Boaters float ideas for East River Waterfront

Kayakers paddle around at an event at Stuyvesant Cove Park in June.  At a recent Community Board 6 meeting, Council Member Dan Garodnick answered questions from community residents about ideas for improvements at Stuyvesant Cove Park and said available funds would be most conducive to a kayak launch. Other suggestions for utilizing the East River waterfront were also brought up. (Photo by Maria Rocha-Buschel)

Kayakers paddle around at an event at Stuyvesant Cove Park in June.  (Photo by Maria Rocha-Buschel)

By Maria Rocha-Buschel
Local waterfront organizations attended CB6’s Land Use and Waterfront committee meeting to provide options for East River access.

At the committee’s October meeting, City Council member Dan Garodnick called on community members and organizations to come up with suggestions for how to use the $1 million in funding that his office has secured for East River access so representatives from waterfront groups returned in November to offer their proposals.
Stuyvesant Cove Park has served as a launching point for kayakers for the last three summers and representatives from the Watertrail Association, Long Island City Boathouse, Urban Swim, the Lower East Side Ecology Center and Metropolitan Waterfront Alliance have been working to provide easier access to recreational boating on the East Side.

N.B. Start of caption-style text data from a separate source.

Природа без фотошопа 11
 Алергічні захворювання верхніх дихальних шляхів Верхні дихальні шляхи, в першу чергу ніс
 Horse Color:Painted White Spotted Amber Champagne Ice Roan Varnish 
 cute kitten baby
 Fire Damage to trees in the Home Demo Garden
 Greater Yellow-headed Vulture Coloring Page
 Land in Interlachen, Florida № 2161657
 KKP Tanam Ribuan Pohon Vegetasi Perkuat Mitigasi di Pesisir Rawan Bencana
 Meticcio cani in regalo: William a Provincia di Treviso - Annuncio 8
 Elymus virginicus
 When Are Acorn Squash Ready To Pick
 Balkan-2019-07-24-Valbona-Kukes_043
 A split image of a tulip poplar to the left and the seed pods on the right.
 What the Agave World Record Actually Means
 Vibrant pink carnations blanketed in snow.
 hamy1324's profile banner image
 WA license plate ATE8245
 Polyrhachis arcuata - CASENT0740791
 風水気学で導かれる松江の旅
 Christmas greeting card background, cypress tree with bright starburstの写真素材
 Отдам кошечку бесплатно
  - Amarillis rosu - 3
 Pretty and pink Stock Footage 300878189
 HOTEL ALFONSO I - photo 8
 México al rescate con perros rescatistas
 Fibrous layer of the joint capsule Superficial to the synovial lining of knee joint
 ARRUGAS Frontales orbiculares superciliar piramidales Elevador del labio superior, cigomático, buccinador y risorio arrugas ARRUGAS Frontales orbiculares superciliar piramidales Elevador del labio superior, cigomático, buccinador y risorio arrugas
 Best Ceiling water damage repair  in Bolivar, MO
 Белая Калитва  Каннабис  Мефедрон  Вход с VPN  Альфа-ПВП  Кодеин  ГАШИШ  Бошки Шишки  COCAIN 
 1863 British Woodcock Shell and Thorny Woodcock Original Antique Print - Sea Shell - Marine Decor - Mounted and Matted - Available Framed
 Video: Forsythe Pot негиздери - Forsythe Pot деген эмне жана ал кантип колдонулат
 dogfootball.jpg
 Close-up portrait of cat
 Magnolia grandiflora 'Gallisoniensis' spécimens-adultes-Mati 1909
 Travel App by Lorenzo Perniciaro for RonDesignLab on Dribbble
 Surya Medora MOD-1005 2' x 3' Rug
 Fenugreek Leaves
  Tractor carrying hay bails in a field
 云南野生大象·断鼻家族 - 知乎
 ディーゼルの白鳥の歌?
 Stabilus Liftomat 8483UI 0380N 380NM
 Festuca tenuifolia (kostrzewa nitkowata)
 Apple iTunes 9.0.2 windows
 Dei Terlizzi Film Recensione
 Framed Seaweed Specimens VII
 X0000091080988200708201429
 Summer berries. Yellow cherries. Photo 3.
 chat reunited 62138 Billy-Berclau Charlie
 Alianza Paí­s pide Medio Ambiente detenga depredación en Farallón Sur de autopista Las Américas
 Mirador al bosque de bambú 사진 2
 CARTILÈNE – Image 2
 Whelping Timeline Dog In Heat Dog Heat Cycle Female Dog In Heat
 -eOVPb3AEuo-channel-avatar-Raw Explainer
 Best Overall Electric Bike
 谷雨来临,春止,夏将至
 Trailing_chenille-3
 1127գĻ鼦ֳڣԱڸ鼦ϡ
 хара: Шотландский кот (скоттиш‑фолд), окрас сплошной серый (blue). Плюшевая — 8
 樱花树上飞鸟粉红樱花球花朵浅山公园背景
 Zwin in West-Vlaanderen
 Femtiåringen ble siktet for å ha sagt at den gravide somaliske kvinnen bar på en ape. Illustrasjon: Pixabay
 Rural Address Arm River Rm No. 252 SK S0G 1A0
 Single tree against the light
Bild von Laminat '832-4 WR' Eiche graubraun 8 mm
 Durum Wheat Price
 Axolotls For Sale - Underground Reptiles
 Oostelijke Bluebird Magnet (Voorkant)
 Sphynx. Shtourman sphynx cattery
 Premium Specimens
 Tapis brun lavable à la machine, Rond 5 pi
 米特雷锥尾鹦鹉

The area of the East River around Stuyvesant Cove Park has a natural beach, which has made it an adequate launching site for kayaks when the tide is low, but one of the main problems is access to the beach itself.
During the summer when free kayaking events are available, there is usually a cooler for kayakers to step over and a ladder to get down to the beach, making it difficult and precarious to get to the boats.

“It gives people the impression that they’re doing something they shouldn’t be doing,” Nancy Brous, of the Watertrail Association, added.

Ted Gruber, a volunteer with the Long Island City Boathouse, was skeptical that any of the proposals would be implemented by next season and suggested that an interim solution be used in the meantime.
“It would be a lot better if we had an opening in the fence we could use to get to the beach,” he said. “This is something we think could be achieved before the next season.”

Brous outlined the plans for the eventual kayak launch that would potentially be functional by the summer of 2016 and which would include permanent storage for boats, a floating dock and educational space.
Gruber emphasized that storage space for boats is crucial because it increases the number of volunteer hours to have to transport the boats back and forth between other storage facilities and the water.
Steven Leslie, a resident of East 24th Street and Second Avenue, created a Stuy Cove Kayaking listserv and has been working on programming to get residents involved with the water. He said that the educational space is a key part of getting children and students interested in the water quality and environment.

“We could liaise with local schools because the park is already a place where a lot of students come for educational activities,” he said.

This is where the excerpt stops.